Hypotonic: (low solute-low water)
Animal cell: shrivelled
Plant cell: plasmolyzed
Isotonic:
Animal: normal
Plant: flaccid
Hypotonic:
Animal: lysed/burst
Plant: turgid-normal
What do you expect to happen over time in the cell: outside the cell 250nM NaCl, inside the cell 300nM NaCI.
A. Water will move from inside to outside ONLY.
B. Water will move from outside to inside ONLY.
C. Water will move in both directions, but more water will move inside.
D. Water will move in both directions, but more water will move outside.
E. Water will not move.
The cell is hyper tonic relevant to its environment. C
Osmoregulation
Is the necessary adaptation organisms use to solve osmotic problems caused by hypertonic and hypotonic environments. It’s the control of solute concentrations and water balance.
What are the 2 types of passive transport?
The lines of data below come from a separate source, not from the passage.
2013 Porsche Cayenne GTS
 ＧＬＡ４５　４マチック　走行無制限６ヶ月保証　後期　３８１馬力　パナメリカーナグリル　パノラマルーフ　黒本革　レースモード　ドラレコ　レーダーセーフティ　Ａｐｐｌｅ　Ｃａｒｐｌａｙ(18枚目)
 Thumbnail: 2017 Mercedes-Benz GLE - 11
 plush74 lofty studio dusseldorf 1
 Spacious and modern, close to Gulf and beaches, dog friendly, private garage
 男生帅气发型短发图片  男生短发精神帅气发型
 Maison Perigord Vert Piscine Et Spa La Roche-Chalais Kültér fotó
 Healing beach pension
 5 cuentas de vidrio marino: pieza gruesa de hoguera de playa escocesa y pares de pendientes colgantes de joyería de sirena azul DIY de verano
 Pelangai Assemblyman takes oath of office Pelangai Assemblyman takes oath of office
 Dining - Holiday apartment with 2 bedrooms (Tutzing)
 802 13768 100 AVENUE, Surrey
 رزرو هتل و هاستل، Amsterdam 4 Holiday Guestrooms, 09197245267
Similarities/differences?
Simple diffusion and facilitated diffusion both move along concentration gradient but facilitated diffusion requires transport protein but simple diffusion does not require transport protein.
Active transport
Uses energy like ATP to move a substance against:
Its concentration gradient
Or
its electrochemical gradient
What is the electrochemical gradient describe?
Movement of hydronium ions to a solution that is already more positively charged
Carrier proteins in active transport have …?
Pumps:
Uniporter: carries 1 molecule/ion
Symporter: carries 2 different molecules/ions, in same direction
Anti porter: carries 2 different molecules/ions in different directions
Is the sodium-potassium pump a uni-porter, sym-porter, or anti-porter?
Anti-porter
The sodium-potassium pump is an important example of _______ transport system.
An active
Describe the sodium-potassium pump.
- Sodium from the cytoplasm binds to sodium-potassium pump
- which stimulates phosphorylation by atp
- Which leads to a change in protein shapes releasing the sodium
- This attracts the potassium to bind to the pump’s extracellular sidewhich triggers the release of the phosphate groups
- Loss of phosphate group release potassium into intracellular fluid
Cotransport
Also known as secondary active transport as it occurs when active transport of a solute indirectly drives transport of other solutes by membrane proteins
Treatment of diarrhea
Drinking solution containing high concentrations of slat and glucose. The solutes are taken by the sodium-glucose cotransporters on the surface of intestinal cells and passed through the cells into the blood, because sodium waste wasnt able to reabsorb into the colon since diarrhea expels waste so fast that reabsorption cant occur (salt levels are thus not constant in the body).